2. **It's not magic.** LangChain doesn't make bad prompts good. It just orchestrates them. I spent a week trying to debug a chain that was actually failing because my prompt was vague. Fix the prompt first, then blame LangChain.

3. **Costs add up.** Each chain call is multiple API calls. My "simple" research agent made 5-10 calls per query. I accidentally ran a loop and burned $20 in an hour. Set usage limits early.

4. **Start with a small, concrete project.** Don't try to build "an AI assistant for everything." I built a bot that answered questions about my company's internal wiki.
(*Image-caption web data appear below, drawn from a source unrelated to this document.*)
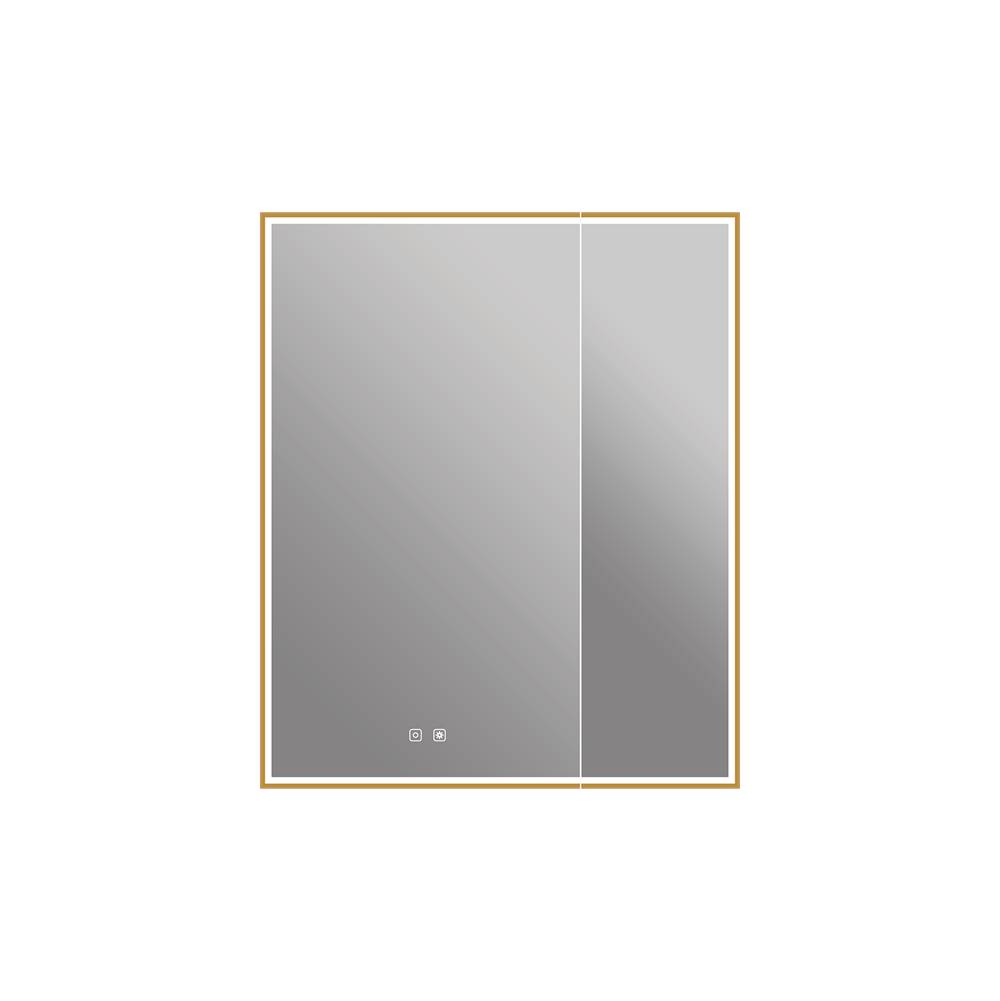 ICO Bath Nova 30'' x 36'' LED Medicine Cabinet - Brushed Gold-related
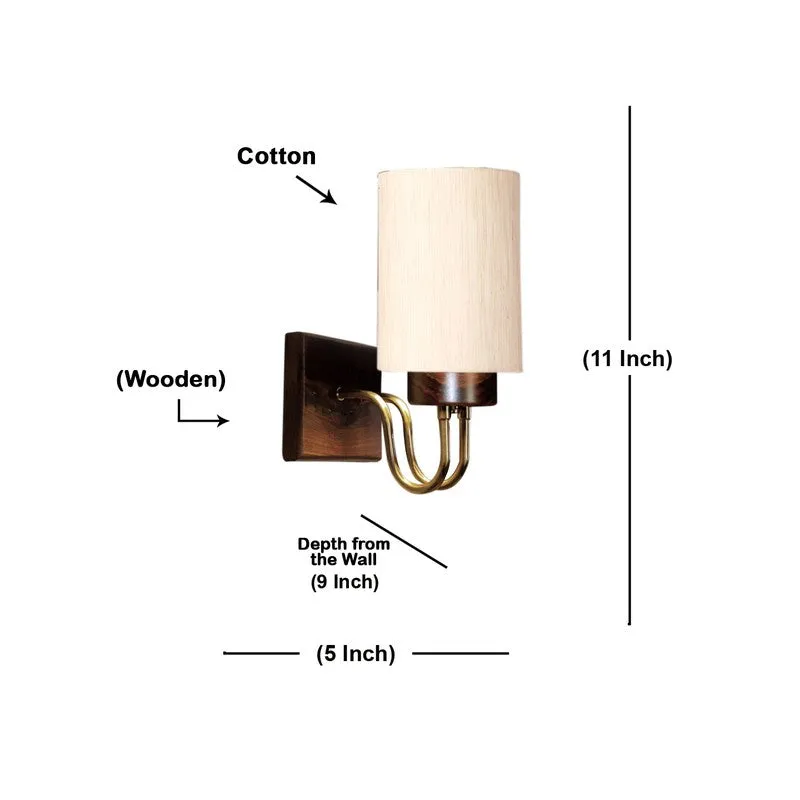 Gilded Arch Cotton Wall Lamp - Off White media 7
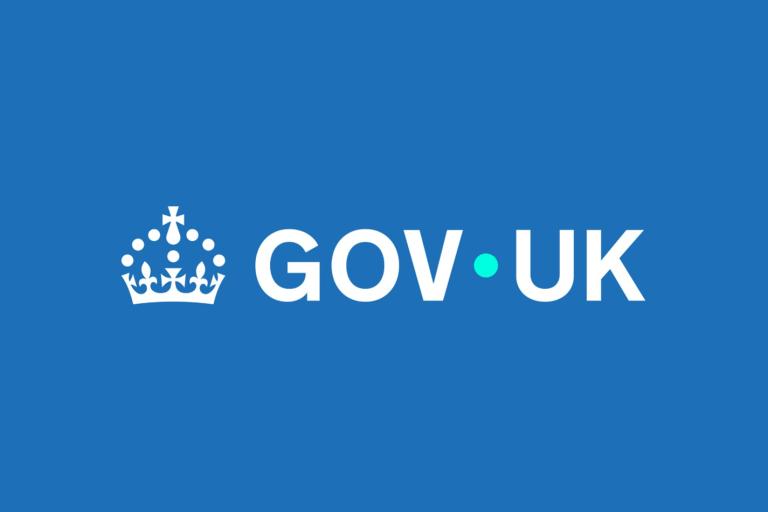 UK government website logo
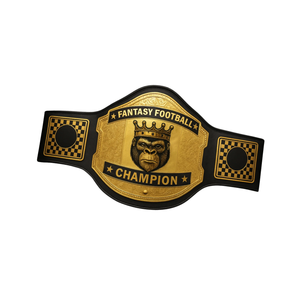 Football Champion Belt Unique Gorilla Design High Quality Personalized Sports Title Trophy FFL Fantasy League Award - Product Image 6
That forced me to learn document loading, chunking, retrieval, and memory in a focused way.

5. **The community is great, but the docs are... improving.** The official documentation has gotten better, but I still found myself on Stack Overflow and Reddit more than I'd like. The LangChain Discord is actually helpful if you ask specific questions.

## Final Thoughts

LangChain is powerful, but it's a tool for builders, not a plug-and-play solution. The learning curve is real, but once you understand the core concepts—chains, agents, memory, tools—you'll see how to wire up almost anything. Start with a single chain, get it working, then add complexity one piece at a time. And when something breaks, remember: it's probably your prompt, not the framework.

Now go build something. And don't forget to set that temperature to zero.